Traveling for the arts is not as old as the hills, but it comes close. From the 18th century onwards, Northern European artists went to Italy for a Grand Tour to see and study the remains of classical antiquity with their own eyes.
Half a century later, the photo camera was invented. In the 19th century cameras were huge devices, making it more practical for travelers to buy prints of photographs of the sites they visited, rather than taking pictures themselves. Such pictures usually depicted tourist attractions such as the Pyramid of Cheops, the Partenon or a Japanese tea ceremony.
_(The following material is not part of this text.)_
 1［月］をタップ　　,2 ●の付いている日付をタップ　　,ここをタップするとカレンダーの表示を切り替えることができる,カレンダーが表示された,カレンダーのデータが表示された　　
The turning point to a more documentary-like travelogue is in the 1930s when the US government sent Walker Evans out to capture life in remote villages in the Southern states. For his book The Americans, Robert Frank photographed the people he met during his road trip through the US and their immediate surroundings in the late 1950s. Ten years after Ed van der Elsken applied Frank's concept to the entire world in Sweet Life.
Traveling became accessible to many and the cameras gradually became so small that they could fit into a mobile phone, allowing everyone to take pictures anywhere and directly. Yet the days of the professional photographer aren't over. Contemporary photographers such as Robin de Puy and Ruben Terlou work in the tradition of Evans and Frank and have a keen eye for people and their environment. A tradition that was further explored by Michael Wolf who paid attention to the living conditions in metropolises such as Hong Kong and Tokyo.